The entries below hold a line with "Woolrich x Target" and a line with "PLANDEKA 8x12m NIEBIESKA". Return those lines and all that lie between them, exactly and only.

_Exercise materials:_
════════════════════

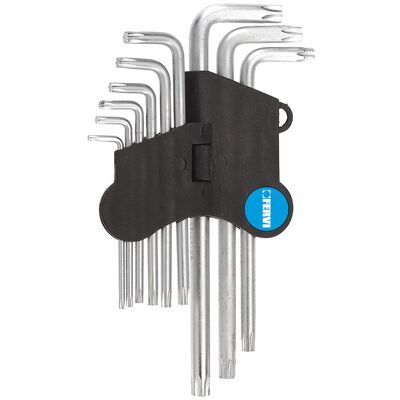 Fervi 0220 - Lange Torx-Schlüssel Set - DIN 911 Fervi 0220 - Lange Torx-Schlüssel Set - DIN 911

════════════════════

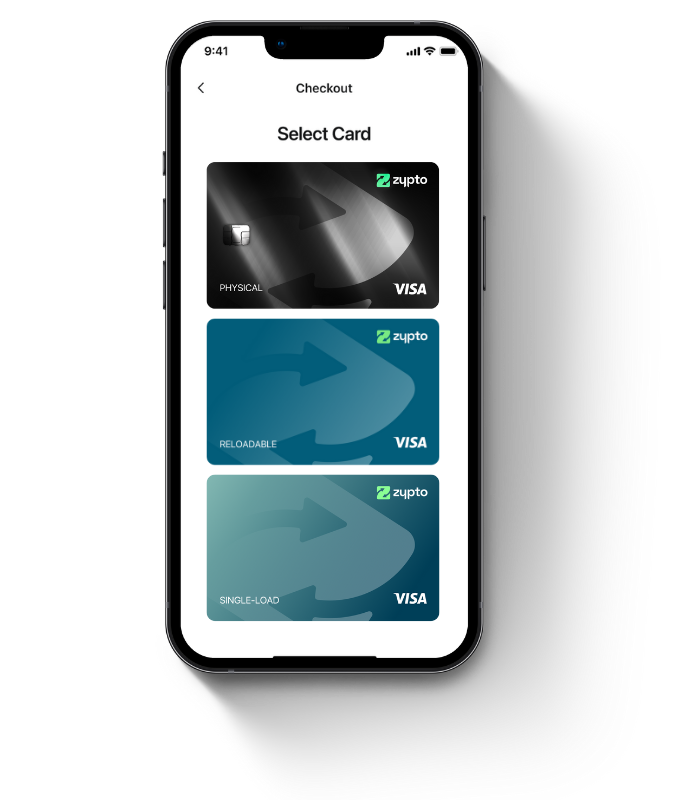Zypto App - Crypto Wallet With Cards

════════════════════

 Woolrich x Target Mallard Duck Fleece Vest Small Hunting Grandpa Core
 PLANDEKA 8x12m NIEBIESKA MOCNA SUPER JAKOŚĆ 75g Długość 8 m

════════════════════

_Answer space:_
 Woolrich x Target Mallard Duck Fleece Vest Small Hunting Grandpa Core
 PLANDEKA 8x12m NIEBIESKA MOCNA SUPER JAKOŚĆ 75g Długość 8 m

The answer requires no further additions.